[THE DATA]

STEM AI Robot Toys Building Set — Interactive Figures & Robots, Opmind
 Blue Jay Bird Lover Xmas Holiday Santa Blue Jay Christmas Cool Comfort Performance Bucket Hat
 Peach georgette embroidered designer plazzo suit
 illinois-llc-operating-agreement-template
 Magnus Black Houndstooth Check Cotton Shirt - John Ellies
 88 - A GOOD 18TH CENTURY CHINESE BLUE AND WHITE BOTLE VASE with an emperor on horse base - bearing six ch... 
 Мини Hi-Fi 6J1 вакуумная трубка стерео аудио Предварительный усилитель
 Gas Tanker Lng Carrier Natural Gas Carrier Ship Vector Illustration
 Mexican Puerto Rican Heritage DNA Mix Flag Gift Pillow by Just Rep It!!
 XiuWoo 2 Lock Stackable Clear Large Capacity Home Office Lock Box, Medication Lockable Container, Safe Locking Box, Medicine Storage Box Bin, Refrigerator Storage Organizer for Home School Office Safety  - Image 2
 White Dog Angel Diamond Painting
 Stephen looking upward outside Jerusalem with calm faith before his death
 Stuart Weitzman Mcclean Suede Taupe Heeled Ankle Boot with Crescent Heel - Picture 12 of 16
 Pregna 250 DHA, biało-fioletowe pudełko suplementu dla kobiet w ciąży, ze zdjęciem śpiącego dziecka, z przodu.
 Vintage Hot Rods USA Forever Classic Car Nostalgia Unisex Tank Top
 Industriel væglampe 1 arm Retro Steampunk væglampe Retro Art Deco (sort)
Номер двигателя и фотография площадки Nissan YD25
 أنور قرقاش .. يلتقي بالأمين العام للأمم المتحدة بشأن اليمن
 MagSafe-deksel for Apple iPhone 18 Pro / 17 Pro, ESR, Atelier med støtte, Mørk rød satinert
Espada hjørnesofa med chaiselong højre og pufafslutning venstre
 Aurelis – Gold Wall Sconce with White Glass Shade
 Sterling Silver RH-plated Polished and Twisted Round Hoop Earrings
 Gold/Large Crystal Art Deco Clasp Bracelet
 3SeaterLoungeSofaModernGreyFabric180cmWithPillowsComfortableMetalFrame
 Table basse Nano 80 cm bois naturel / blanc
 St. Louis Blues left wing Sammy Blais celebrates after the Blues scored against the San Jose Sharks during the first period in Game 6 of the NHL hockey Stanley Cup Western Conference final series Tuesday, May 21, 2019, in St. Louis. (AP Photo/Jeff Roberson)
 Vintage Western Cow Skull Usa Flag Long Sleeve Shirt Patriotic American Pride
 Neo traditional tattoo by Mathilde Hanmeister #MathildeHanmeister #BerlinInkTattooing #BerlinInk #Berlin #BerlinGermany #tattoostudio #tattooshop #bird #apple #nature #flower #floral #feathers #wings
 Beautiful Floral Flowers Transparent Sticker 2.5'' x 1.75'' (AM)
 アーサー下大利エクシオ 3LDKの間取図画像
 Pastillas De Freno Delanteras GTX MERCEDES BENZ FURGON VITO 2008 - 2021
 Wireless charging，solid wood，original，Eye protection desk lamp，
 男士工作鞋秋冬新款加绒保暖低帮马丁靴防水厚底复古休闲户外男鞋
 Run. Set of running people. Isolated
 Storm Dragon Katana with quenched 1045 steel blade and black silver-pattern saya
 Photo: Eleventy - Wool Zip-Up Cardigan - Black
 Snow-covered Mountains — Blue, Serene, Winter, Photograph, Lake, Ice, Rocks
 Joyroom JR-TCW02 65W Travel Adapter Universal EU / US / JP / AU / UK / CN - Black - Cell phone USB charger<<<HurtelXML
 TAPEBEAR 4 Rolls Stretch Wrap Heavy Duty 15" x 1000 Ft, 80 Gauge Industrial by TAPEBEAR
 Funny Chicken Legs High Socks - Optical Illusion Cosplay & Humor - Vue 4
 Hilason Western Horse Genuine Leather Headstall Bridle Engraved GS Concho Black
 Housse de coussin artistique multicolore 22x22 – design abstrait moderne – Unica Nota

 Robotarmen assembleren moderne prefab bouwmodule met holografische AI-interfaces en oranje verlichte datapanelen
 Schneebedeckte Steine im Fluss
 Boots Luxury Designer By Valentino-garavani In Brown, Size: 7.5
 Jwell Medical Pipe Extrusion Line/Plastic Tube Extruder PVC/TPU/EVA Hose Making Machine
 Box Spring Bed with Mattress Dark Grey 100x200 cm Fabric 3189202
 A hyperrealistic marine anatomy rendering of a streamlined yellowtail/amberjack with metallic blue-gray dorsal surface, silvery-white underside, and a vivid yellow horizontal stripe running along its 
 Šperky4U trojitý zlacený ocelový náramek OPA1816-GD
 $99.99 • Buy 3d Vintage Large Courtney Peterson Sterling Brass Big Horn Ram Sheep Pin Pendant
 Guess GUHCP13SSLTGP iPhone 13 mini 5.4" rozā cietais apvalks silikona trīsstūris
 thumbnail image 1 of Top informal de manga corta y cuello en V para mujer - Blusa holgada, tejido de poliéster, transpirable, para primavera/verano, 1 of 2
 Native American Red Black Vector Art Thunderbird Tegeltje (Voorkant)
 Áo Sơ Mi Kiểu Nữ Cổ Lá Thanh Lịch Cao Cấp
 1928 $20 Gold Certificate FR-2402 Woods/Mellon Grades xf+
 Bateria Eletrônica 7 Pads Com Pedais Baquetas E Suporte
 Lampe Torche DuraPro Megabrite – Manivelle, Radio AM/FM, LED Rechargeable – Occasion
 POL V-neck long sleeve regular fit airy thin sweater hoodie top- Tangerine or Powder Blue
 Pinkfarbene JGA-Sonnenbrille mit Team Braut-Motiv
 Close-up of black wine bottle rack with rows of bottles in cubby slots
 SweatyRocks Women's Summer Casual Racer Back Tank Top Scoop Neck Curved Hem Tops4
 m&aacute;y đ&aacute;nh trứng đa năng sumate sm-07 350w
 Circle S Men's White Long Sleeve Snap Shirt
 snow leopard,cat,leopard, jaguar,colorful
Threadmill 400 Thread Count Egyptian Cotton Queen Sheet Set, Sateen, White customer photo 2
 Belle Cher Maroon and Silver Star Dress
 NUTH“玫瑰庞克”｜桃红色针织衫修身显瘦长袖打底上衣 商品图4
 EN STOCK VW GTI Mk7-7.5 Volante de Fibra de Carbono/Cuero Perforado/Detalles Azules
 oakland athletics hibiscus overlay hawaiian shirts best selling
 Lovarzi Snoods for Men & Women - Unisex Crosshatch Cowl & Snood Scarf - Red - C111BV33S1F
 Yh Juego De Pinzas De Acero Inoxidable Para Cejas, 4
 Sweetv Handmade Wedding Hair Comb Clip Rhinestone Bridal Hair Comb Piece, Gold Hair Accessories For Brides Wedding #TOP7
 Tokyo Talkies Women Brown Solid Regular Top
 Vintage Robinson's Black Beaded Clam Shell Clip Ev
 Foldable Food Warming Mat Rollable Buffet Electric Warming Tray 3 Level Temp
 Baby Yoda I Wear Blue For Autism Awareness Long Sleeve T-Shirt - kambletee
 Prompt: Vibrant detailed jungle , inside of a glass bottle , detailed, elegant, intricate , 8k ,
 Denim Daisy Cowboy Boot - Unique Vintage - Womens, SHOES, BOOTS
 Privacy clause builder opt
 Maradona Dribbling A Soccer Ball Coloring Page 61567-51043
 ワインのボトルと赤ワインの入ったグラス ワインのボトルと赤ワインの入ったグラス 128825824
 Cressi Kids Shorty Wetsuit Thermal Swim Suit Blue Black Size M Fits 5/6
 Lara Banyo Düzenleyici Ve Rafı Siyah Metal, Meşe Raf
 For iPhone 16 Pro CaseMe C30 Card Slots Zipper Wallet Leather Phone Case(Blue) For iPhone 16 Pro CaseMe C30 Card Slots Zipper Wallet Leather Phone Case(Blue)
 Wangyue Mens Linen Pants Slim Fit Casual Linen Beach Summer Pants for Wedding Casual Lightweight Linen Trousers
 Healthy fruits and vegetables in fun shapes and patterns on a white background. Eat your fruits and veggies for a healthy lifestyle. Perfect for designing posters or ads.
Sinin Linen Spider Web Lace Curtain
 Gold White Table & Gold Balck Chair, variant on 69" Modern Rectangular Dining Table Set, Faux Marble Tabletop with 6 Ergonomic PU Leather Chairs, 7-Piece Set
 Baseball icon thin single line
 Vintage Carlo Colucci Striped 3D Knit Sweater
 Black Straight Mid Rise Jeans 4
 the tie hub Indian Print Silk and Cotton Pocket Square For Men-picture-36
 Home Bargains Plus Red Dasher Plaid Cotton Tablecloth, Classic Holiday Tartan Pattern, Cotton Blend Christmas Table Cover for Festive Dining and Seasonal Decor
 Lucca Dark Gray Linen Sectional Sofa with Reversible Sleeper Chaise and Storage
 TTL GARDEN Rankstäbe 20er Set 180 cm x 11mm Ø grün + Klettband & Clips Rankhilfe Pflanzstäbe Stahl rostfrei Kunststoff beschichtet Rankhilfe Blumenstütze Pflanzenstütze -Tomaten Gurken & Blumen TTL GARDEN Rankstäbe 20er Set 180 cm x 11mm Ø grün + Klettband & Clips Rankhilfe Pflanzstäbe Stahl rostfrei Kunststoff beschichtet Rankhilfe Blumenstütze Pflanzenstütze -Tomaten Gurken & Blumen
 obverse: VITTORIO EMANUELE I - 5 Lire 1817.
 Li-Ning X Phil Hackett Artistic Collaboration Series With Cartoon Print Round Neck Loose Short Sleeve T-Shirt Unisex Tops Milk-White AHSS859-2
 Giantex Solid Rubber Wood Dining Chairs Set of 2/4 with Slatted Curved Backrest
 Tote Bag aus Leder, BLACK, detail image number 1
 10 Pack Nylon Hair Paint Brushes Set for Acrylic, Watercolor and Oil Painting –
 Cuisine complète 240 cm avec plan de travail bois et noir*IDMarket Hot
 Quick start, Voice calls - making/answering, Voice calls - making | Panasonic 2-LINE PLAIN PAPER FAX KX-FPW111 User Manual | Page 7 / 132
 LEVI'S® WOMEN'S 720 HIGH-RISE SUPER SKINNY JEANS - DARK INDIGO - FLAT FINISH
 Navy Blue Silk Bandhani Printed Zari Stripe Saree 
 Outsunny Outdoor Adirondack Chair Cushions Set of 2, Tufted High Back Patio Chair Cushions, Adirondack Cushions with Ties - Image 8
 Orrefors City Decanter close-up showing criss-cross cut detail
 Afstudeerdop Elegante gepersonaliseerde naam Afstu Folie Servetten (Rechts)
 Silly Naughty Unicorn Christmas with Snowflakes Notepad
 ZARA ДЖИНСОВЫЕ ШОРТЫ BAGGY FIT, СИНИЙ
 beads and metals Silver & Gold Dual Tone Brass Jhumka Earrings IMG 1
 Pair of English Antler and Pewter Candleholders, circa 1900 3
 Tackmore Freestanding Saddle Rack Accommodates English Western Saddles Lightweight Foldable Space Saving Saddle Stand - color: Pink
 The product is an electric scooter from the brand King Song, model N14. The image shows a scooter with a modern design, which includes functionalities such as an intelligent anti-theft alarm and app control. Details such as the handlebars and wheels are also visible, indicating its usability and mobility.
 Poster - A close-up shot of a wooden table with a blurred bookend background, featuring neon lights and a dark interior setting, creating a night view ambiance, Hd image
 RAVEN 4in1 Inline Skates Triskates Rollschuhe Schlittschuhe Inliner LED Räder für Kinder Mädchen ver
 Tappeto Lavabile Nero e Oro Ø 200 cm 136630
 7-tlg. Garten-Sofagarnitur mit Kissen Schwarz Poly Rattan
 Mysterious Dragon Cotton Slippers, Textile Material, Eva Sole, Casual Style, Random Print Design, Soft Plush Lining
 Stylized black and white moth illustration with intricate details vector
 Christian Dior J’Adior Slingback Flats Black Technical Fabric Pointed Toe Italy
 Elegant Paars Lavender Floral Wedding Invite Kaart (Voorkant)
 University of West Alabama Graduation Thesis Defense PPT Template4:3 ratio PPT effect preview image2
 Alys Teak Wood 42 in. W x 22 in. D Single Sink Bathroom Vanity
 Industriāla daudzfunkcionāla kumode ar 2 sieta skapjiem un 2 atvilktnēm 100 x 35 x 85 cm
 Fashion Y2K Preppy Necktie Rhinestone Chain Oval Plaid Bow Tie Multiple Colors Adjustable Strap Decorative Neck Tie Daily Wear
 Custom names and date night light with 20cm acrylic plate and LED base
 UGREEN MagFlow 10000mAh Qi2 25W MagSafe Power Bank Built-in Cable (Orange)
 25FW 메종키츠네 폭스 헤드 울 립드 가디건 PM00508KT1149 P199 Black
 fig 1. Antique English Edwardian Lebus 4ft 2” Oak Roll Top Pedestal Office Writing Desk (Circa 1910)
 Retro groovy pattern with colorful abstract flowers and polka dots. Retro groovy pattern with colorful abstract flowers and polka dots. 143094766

[/THE DATA]

What is asked for is an exact copy of the lines above from the one containing "illinois-llc-operating-agreement-template" through the one containing "Мини Hi-Fi 6J1", and only those.

YOUR SOLUTION:
 illinois-llc-operating-agreement-template
 Magnus Black Houndstooth Check Cotton Shirt - John Ellies
 88 - A GOOD 18TH CENTURY CHINESE BLUE AND WHITE BOTLE VASE with an emperor on horse base - bearing six ch... 
 Мини Hi-Fi 6J1 вакуумная трубка стерео аудио Предварительный усилитель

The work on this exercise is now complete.